Back in 2011, I stopped in Melaka Malaysia for a few days on my 3-month trip through Southeast Asia. I nearly fell in love with the town. Back then I noted that the town was on the verge of over-touristification. I admired the fact that Melaka was more or less a living, breathing town. Sure there were plenty of souvenir shops, but the town was still alive with local life, not to mention its rich colonial past and history of multi-racial immigration.
On that trip, I stopped in to an art studio in the old town and met an artist. His name was Stanley Ho. We chatted a bit and I bought a few of his paintings. His studio was located in one of the old shop houses that were typical in Melaka a couple hundred years ago.
I took a few photos with him and went on my way. Melaka left me with such a good impression, that I vowed to return.
I’m in Melaka again. I don’t have much of a sightseeing agenda, just hanging around town, enjoying the vibe here. I have carefully plotted out all my meals. Eating is one of the Melaka’s highlights.

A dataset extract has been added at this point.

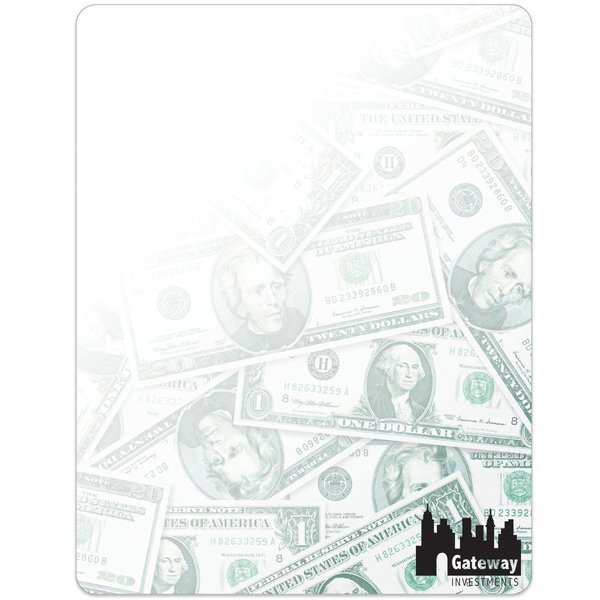 Money Memo Board w/ Magnet, 8-1/2" x 11"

I have also planned to drop by Stanley Ho’s studio. He’s the only person I know around town and it would be nice to see how life is for him after two years.
Except one problem: Stanley Ho’s studio isn’t there anymore.
8 Heeren Street is not Stanley Ho’s address. It is the sight of what’s called a model conservation project. A non-profit organization had obtained funding in the early 2000’s to restore one of the old shop houses. Melaka has a long and varied history and architecture has been modified over the years. There were colonial powers at work here too: the Portuguese, the Dutch, and the British. All the while Chinese and Indian traders settled and inter-married with the local population.
8 Heeren St. is an example of a former shop house. The shop, opening up to the street was in the front, while the house was in the back. This type of construction was typical of those built in Melaka between the mid-1600s and the late 1800s. It’s open every day of the week for visitors.
“And here is the preserved inner-core and the buffer-zone.” I’m looking at a map of Melaka with one of the volunteers at 8 Heeren Street. Melaka was declared a UNESCO sight in 2008 and subsequently construction is now regulated, especially in the historic inner core.
“So how is it that a Hard Rock Café was allowed to be built last year?” I ask.
“Ahhh…” He’s hesitating. I can tell he’s uncomfortable. The new and unsightly Hard Rock Café clearly falls within the inner core on the UNESCO map.
“It sounds like a bit of bribery to me.” I suggest.
He doesn’t confirm or deny my statement and I can tell it’s not something he’s happy about or wants to discuss.
The two volunteers are quite friendly and they continue to explain the history of Melaka’s architecture as well as the intricate cultural and ethnic makeup of the place.
After seeing the rest of the shop house, I thank them, and continue on my way.
Halfway down the street, I realize I still have no answers as to the whereabouts of Stanley Ho and his studio. I turn around and head right back into 8 Heeren.
“A couple years back there was this artist name Stanley Ho. He had a studio right near here…” I explain.
“Actually, you’re not the first to ask.” He begins. “You see, a couple years ago, rent control, which was established right after the war [Second World War], was repealed. Rents have been going up ever since, and it’s driving people out.”
“That’s a familiar story in towns like Melaka around the world.” I add.
“A property that once cost 1-1.5 million ringgit is now about 5 million. This street used to have a lot of studios. Stanley got pushed out.”
I was disappointed.
“I’m not sure where he moved to, but you might try asking around at one of the other studios.”
I thanked him and left. I asked around at a couple of other studios but my search went dead.
Now I am vowing to return to Melaka once again to find Stanley Ho and his art Studio. Do you know where he is? Help me find Stanley!